Over 63% of this PR is unit tests, and documentation is much of the remainder.

Some feedback about naming I'd like is: What's a better package name than internal, or is that a good enough package name? Also, what's a better alternative name for Output? It's a little weird to me to be passing around Seq[Output] as the inputs to Operators and their methods.

etrain commented 8 years ago

Will you make the google doc public and post a link here! Thanks!

tomerk commented 8 years ago

https://docs.google.com/document/d/1Px7bwqxS6OA_vaB4yjzmhrxXaLErxa5qMmD80CwEXLg/edit?usp=sharing

etrain commented 8 years ago

All told this is a pretty great first cut at rewriting the internals and I think should set a nice foundation for optimization, etc.

Perhaps @shivaram can take a brief look at this with a copy of the doc above open and see if he agrees with the direction.

etrain commented 8 years ago

Re: naming - is Expression reasonable? Also, internal is no good, maybe workflow.graph for now?

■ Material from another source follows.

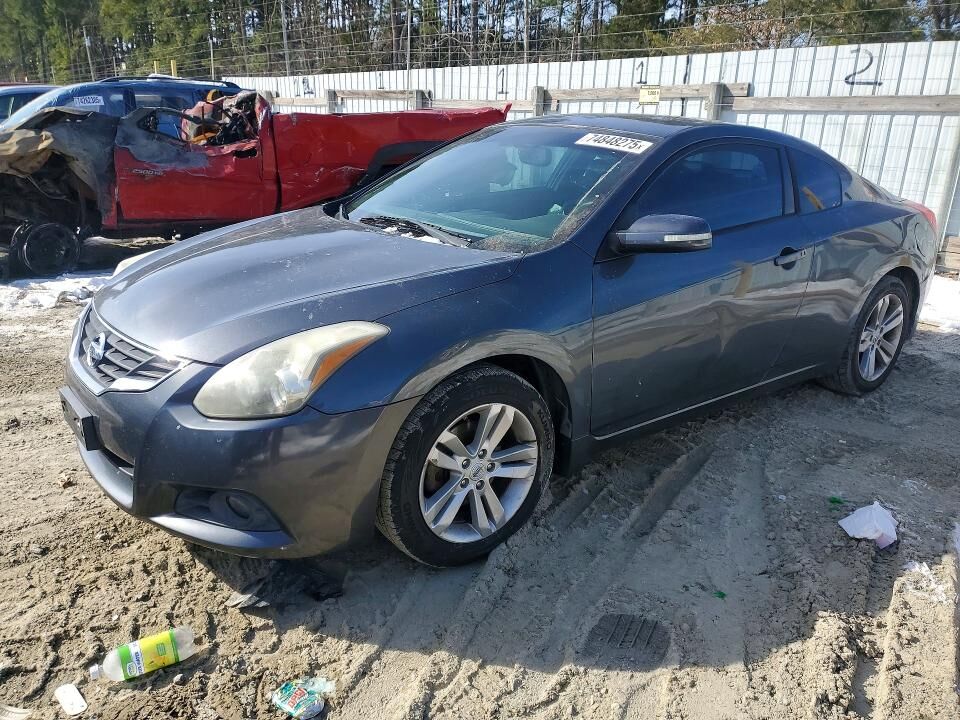 2011 NISSAN Altima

etrain commented 8 years ago

And we should probably mark the whole thing as package protected or something :)

tomerk commented 8 years ago

Okay, I named it workflow.graph for now. And sure, I could try renaming Output to Expression.

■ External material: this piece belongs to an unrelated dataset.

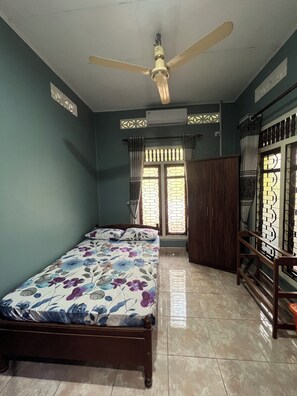 3 habitaciones, tabla de planchar con plancha, wifi y ropa de cama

shivaram commented 8 years ago

@tomerk really nice work with the design doc. I just left a few comments inline for things that could use some clarification. I haven't taken a detailed look at the logic of each of the methods used, but I like the API design and if we have test cases that go through all the code paths, I'd be fine with merging this.

etrain commented 8 years ago

I ran scoverage (https://github.com/scoverage/sbt-scoverage) against this PR and it looks like the unit tests basically caught everything but

The Operator.label method isn't really called anywhere.
Graph.nextNodeIds isn't ever called on an empty graph - is this a case we would run into?
There are a bunch of checks in connectGraph and replaceNodes that we don’t ever feed in invalid input.

I don't particularly care about 1, but we should probably add some checks for 2 (if necessary) and 3.

Otherwise this is awesome!

tomerk commented 8 years ago

Okay, just added tests for cases 2 and 3!